Why This Matters
String DP problems appear constantly in interviews. They introduce the two-index state (i, j) pattern that is fundamental to any problem involving two sequences. LCS and edit distance are the two canonical string DP problems -- once you understand their recurrences, you can derive variants (palindromes, diffs, alignment) as modifications.
The Two-String State Pattern
When a problem involves two strings s1 and s2, the natural state is:
dp[i][j] = answer for the first i characters of s1 and first j characters of s2
This creates an (m+1) x (n+1) table where m = len(s1), n = len(s2). The first row and column represent empty prefix states (base cases).
The recurrence branches on whether s1[i-1] == s2[j-1] (using 1-indexed DP, 0-indexed strings):
- Match: both characters are "consumed" together -- look at
dp[i-1][j-1]. - No match: try all options that advance at least one of the indices.

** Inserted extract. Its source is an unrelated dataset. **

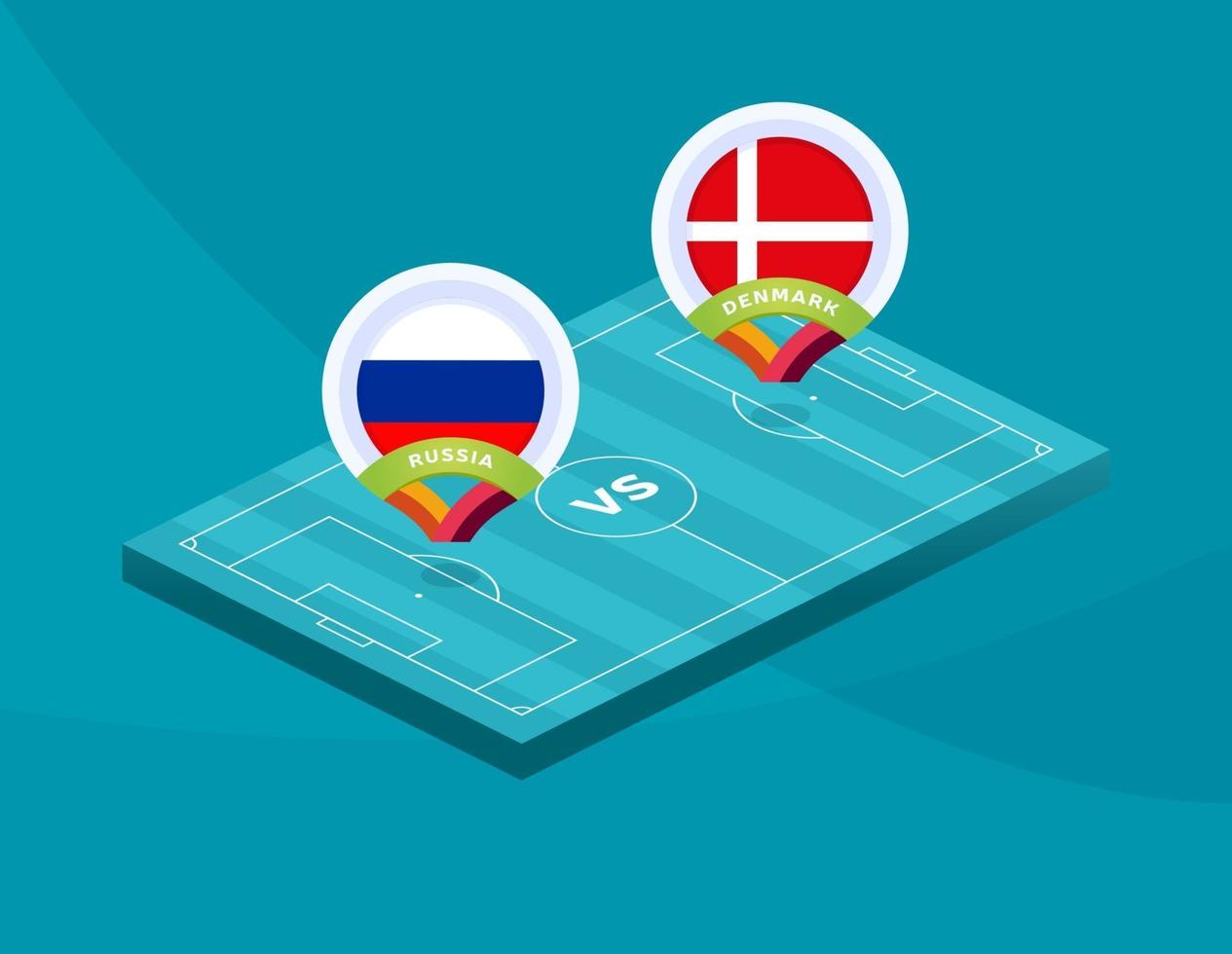 Rusland vs Denemarken voetbal vector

Longest Common Subsequence (LCS)
Problem: Find the length of the longest subsequence common to both strings. A subsequence preserves relative order but need not be contiguous.
Recurrence:
if s1[i-1] == s2[j-1]:
dp[i][j] = dp[i-1][j-1] + 1 # both characters matched, extend
else:
dp[i][j] = max(dp[i-1][j], dp[i][j-1]) # skip one character from either string
Base cases: dp[0][j] = 0 and dp[i][0] = 0 (LCS with an empty string is 0).
Time: O(m * n), Space: O(m * n), reducible to O(min(m, n)) by keeping only two rows.

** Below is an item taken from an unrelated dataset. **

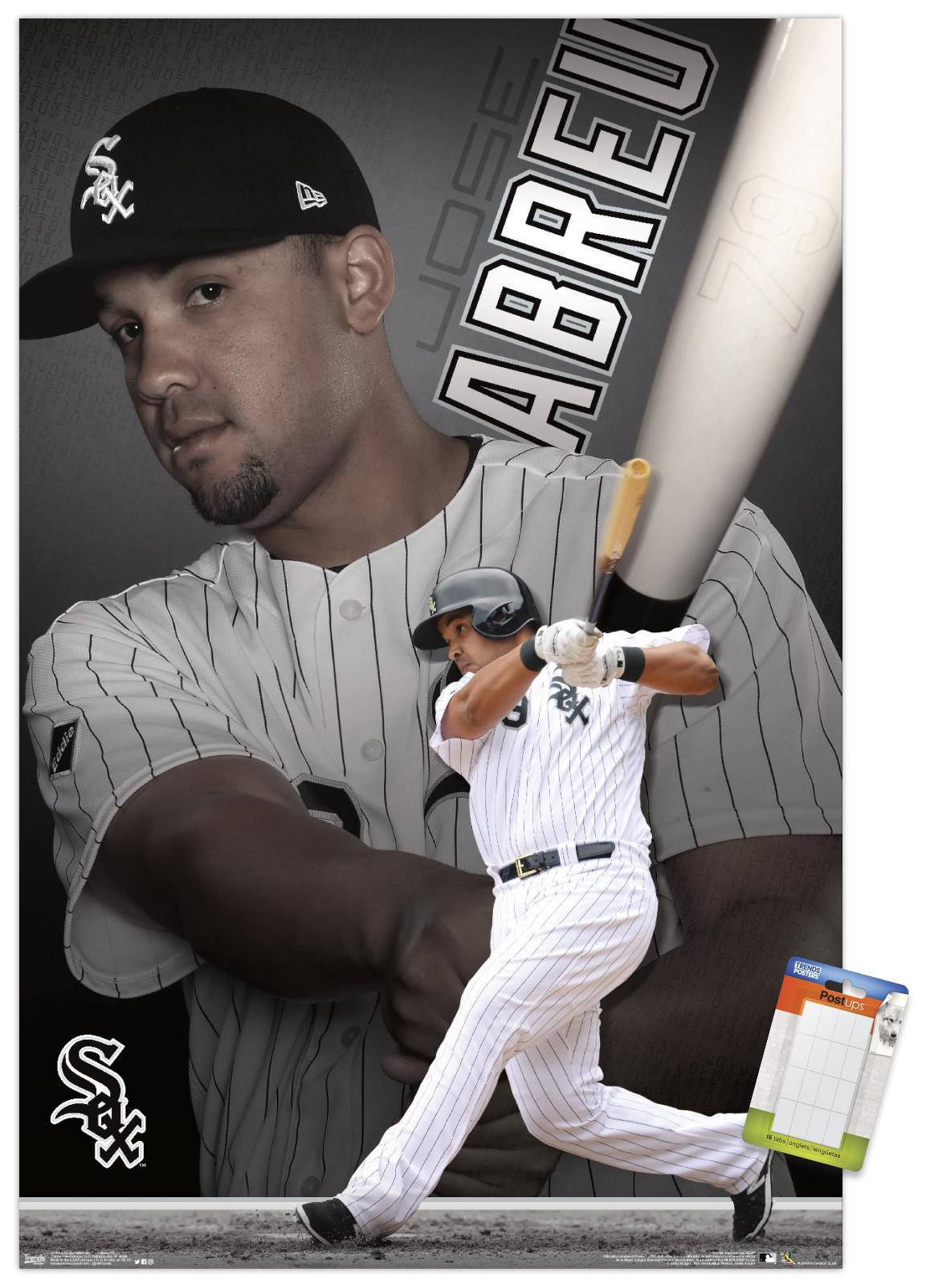 jose abreu 桌布 壁紙 — 芝加哥白襪隊棒球選手 Jose Abreu 身穿制服，在深色背景下以動態動作姿勢手持球棒。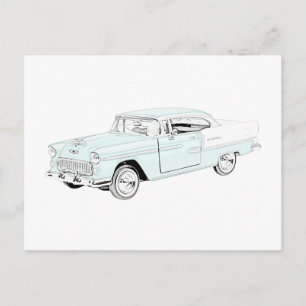 Zwei Tone Blue und White Chevy Bel Air Postcard Postkarte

Reconstructing the Actual LCS
The table gives the length. To get the actual subsequence, backtrack from dp[m][n]:
i = m, j = n
while i > 0 and j > 0:
if s1[i-1] == s2[j-1]:
output s1[i-1] # this character is in the LCS
i -= 1, j -= 1
elif dp[i-1][j] >= dp[i][j-1]:
i -= 1 # came from above
else:
j -= 1 # came from left
Read the output in reverse order.
LCS vs Longest Common Substring
| Subsequence | Substring | |
|---|---|---|
| Contiguous? | No | Yes |
| Match case | dp[i-1][j-1] + 1 |
dp[i-1][j-1] + 1 |
| Mismatch case | max(dp[i-1][j], dp[i][j-1]) |
0 (reset -- break in contiguity) |
| Answer | dp[m][n] |
max over all dp[i][j] |
The only difference: on mismatch, subsequence keeps the best result seen so far; substring resets to 0 because a gap breaks the substring.
Edit Distance (Levenshtein Distance)
Problem: Find the minimum number of insert, delete, or replace operations to convert s1 into s2.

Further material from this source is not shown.